I have been making my way through Carol Off's excellent 2024 book, At a Loss For Words: Conversation in an Age of Rage.
It is ostensibly a book about words and how they have been changed, redefined and weaponized. But it is also a pretty comprehensive (and rather depressing) look at how the alt right has become such a force in Canadian, American and worldwide politics, and how the Overton window has been shifted so far to the right that outright fascist views are being openly espoused by mainstream politicians.
Along the way, she looks at Donald Trump, Pierre Poilievre, SteoehnHarper, Viktor Orban, Vladimir Putin, Radovan Karazdic, Ron DeSantis, and several lesser-known, but equally influential and blameworthy, names like Arthur Finkelstein, Christopher Rufo, James Buchanan, Leonard Leo and Tamara Lich, not to mention a cornucopia of well-funded, largely secretive, organizations whose single-minded purpose is the imposition of anti-woke autocratic rule and the permanent destruction of caring liberal democratic governance.
The book is replete with literally hundreds of interlinked anecdotes about how the extreme right has employed disinformation, exaggeration, doublethink, and outright barefaced lies to achieve its ends, and how successful it has been at it. "Dystopian" and "Orwellian" don't even cover it. So confident are they that they make little or no attempt to dissemble, and there is oodles of publicly-available evidence of their Machiavellian machinations.

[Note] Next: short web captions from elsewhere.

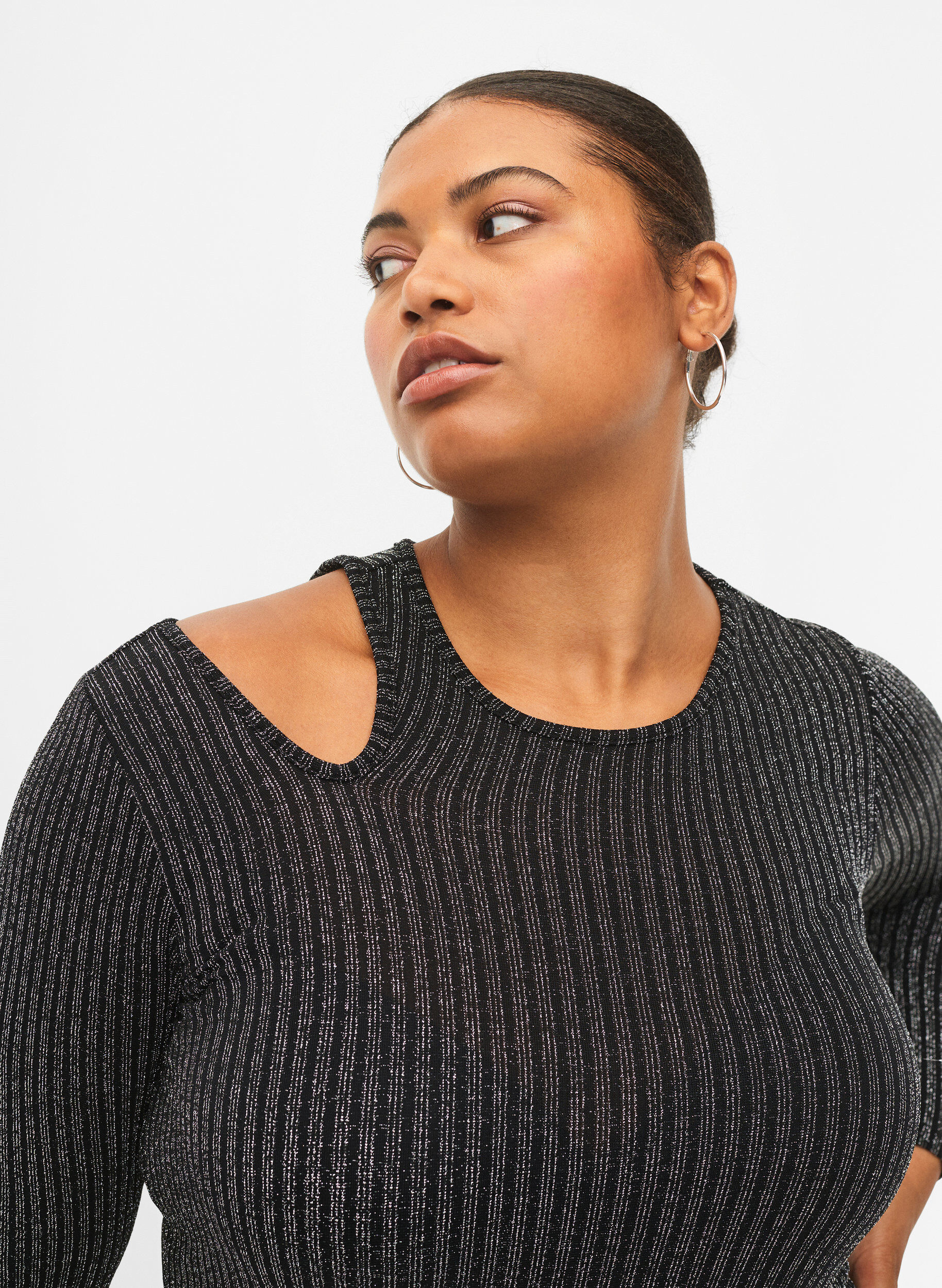 Zizzi Pitk&auml;hihainen cut-out-mekko glitterill&auml;, B.w. Silver Stripes, Model image number 2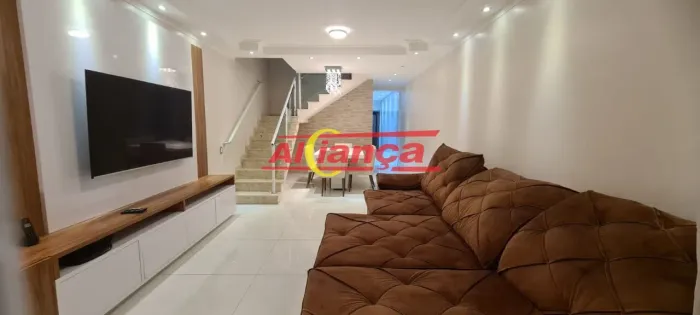 Casa semi mobiliada 200m², com 4 quartos para locação no Jardim Vila Galvão.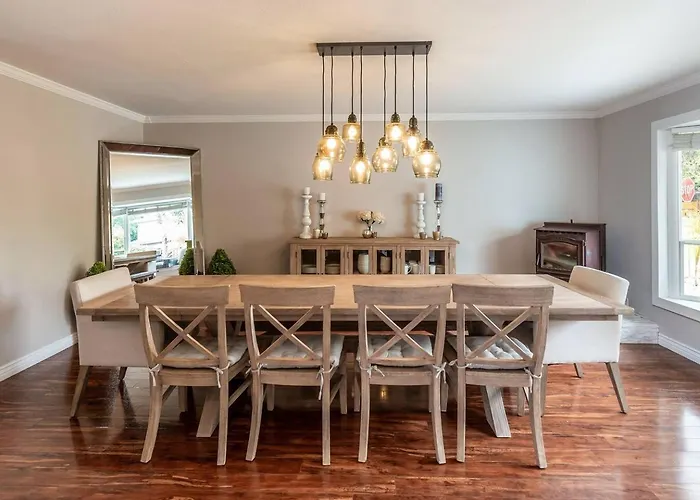 Silicon Valley Family Oasis 5-Bedroom Luxury Home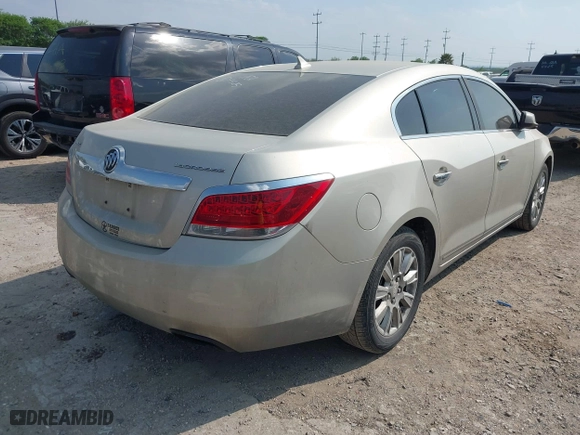 2013 Buick LaCrosse with VIN 1G4GA5E34DF155631, listed as a IAAI auction lot 41912363 with 136,611 mi miles. Bid and sale history available at carsss.com. Image 4.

The chapters are named after words that have been co-opted by the hard right in many different countries: Freedom, Democracy, Truth, Woke, Choice, and Taxes. But what Ms. Off does really well is outline how interconnected the right is throughout the world, and how they learn from each other, sometimes indirectly, but often surprisingly directly, to an extent that the left has never been able to.
Clearly, the hard right, and in many cases - let's not beat about the bush - openly fascist, regimes see their opportunity, their moment in history, like at no other time since the 1930s and 1940s.
It's only when you read all of this, together in one place, that you realize the enormity of what is going on under our very noses. It makes truly scary, but essential, reading.